Petri finds inventive ways to stress the similarities between the two revolutions and the two cultures. Even if the two events happened a decade apart, they synchronised in an eerie way: as the Islamic Revolution, welcomed with such hope by Iranian society, brought the freedom-restricting new rules of Ruhollah Khomeini’s theocratic government, in the 1980s, the Romanians faced food shortages caused by dictator Nicolae Ceauşescu’s obsession with paying off the country’s foreign debt. And while the 1989 revolution was welcomed with great enthusiasm, the 1990s proved that societies are quite reluctant to change. Petri even finds pieces of footage from the two societies that mirror each other: for example, images of a US flag being burnt by the revolutionaries in 1979 are followed later in the film by the burning of one of Ceauşescu’s ubiquitous portraits in 1989.

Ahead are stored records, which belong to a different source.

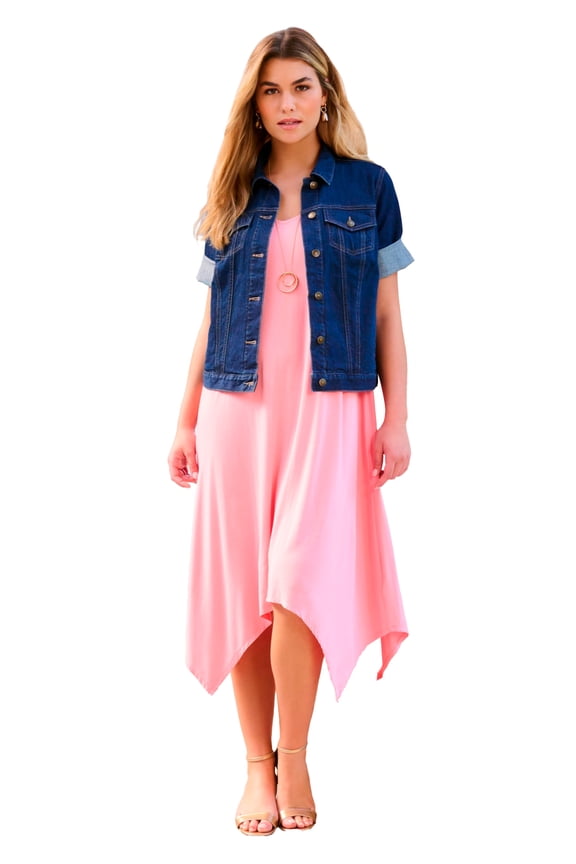 Women's Plus Size Short-Sleeve Stretch Denim Jacket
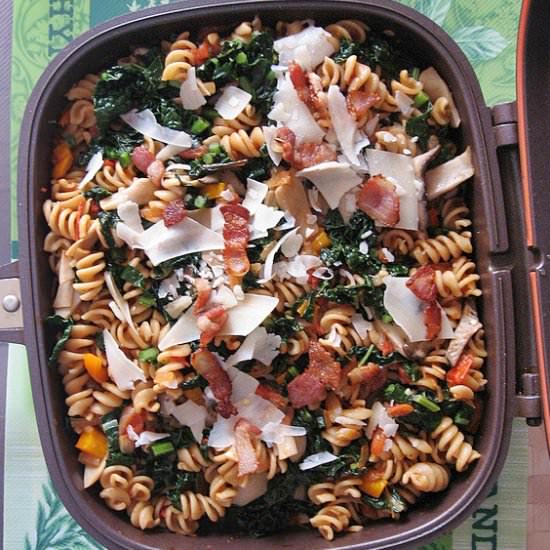 Bacon, Cheese, Kale,Tomatoes Pasta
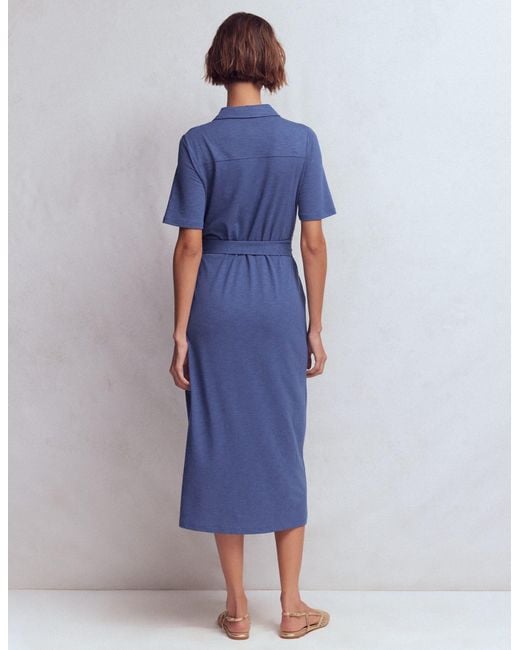 Boden Blue Mavis Midi Jersey Shirt Dress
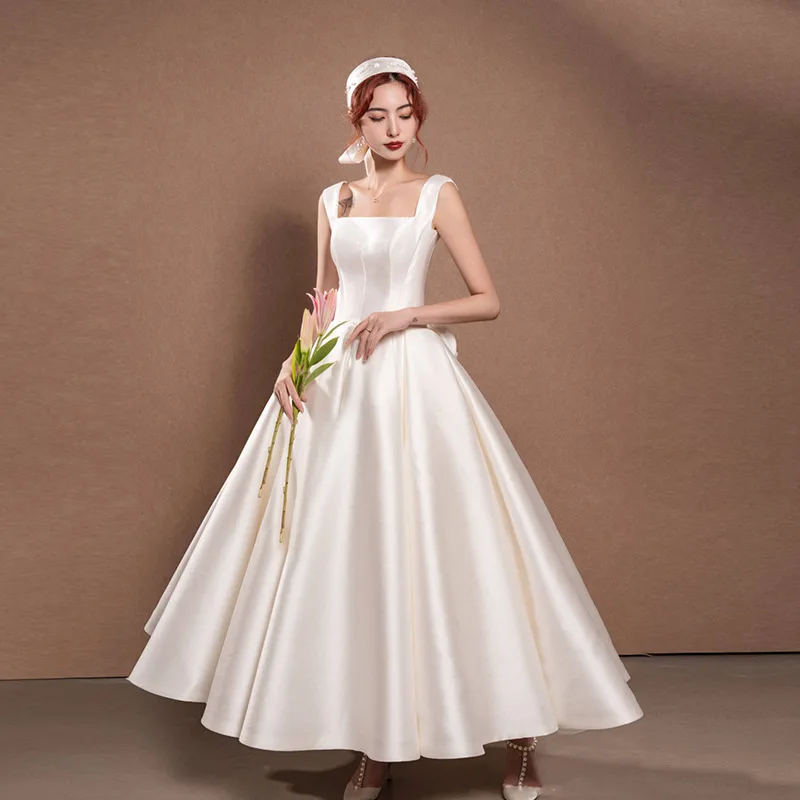 

Light Wedding Dress 2025 Spring/Summer New Style Daily Simple Forest Style Dress Strap Outward Yarn Satin Light Wedding Dress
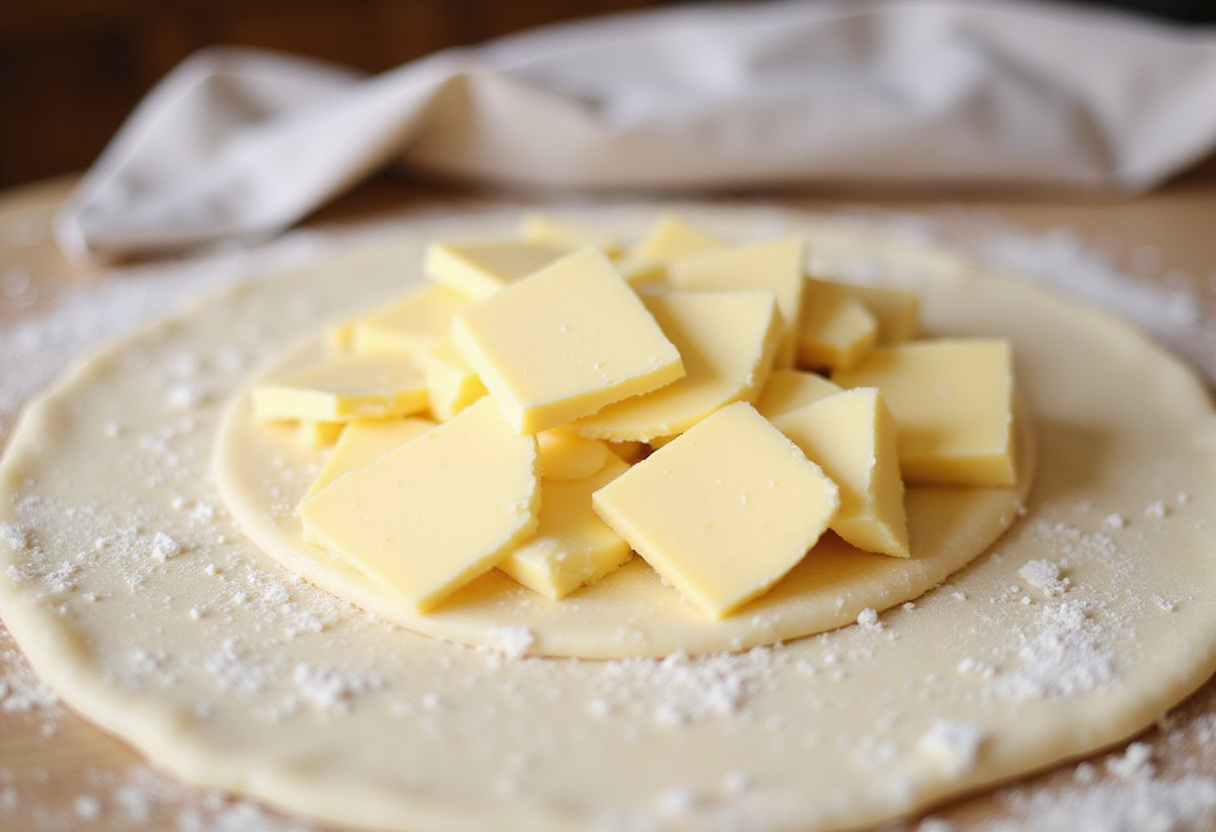 Folding butter into dough for masa de hojaldre casera, creating layers for puff pastry.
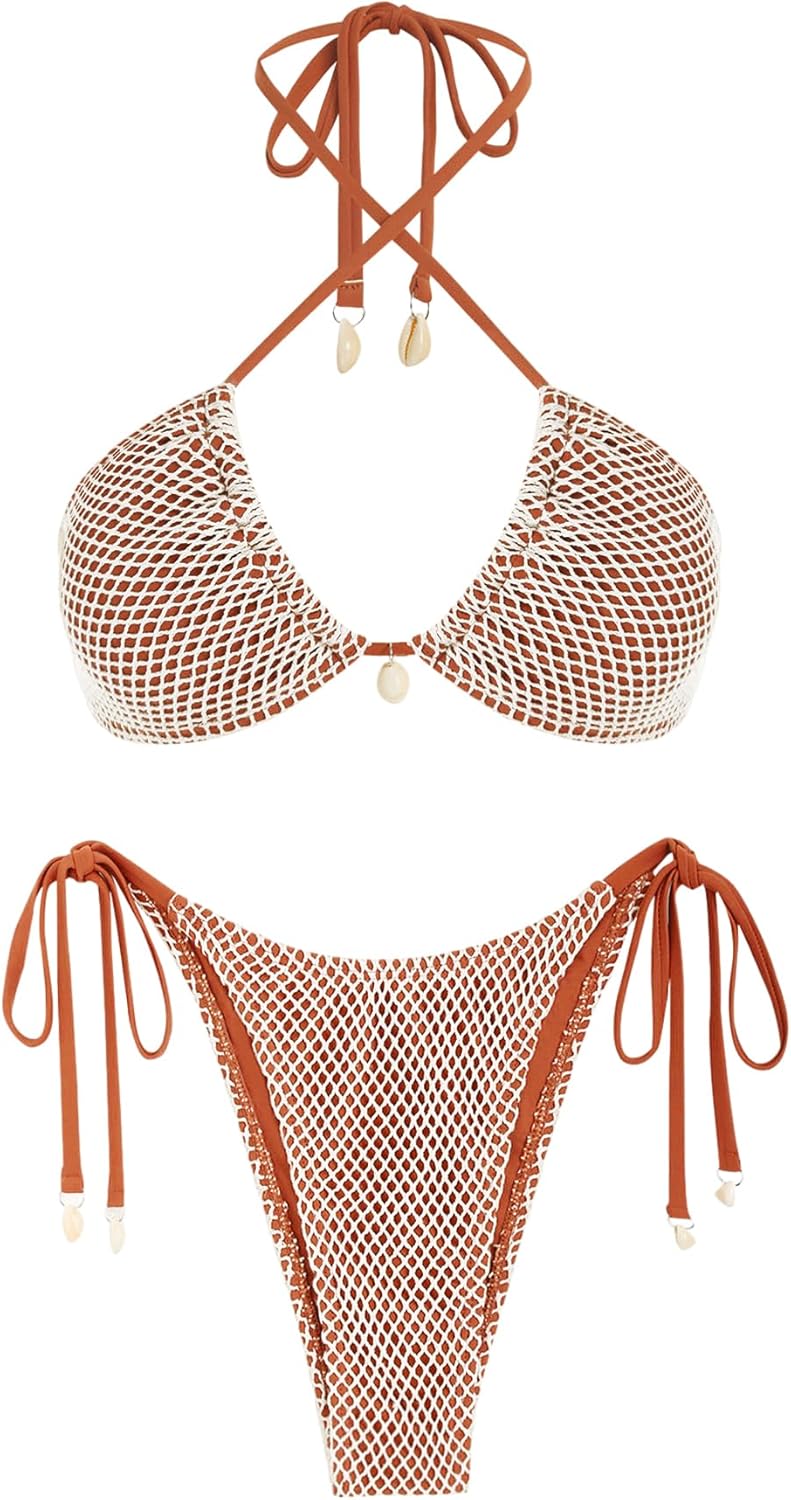 ZAFUL Women's Bikini Set Fishnet Triangle Tie Convertible Collar Halter Bandeau Shell Two Piece Bathing Suit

Besides providing footage that large parts of the audience have probably never seen before, the documentary’s long-lasting effect goes beyond revolutions and civil unrest. After the screening, there is a lingering impression that, no matter one’s gender, race or country of origin, the bitter disappointments of “big history” can be sweetened (if not overcome) by friendships and the love we feel for those close to us.

Between Revolutions was produced by Activ Docs (Romania), and co-produced by Restart (Croatia) and an undisclosed (for security reasons) Iranian production company. Its international sales are being handled by CAT&Docs.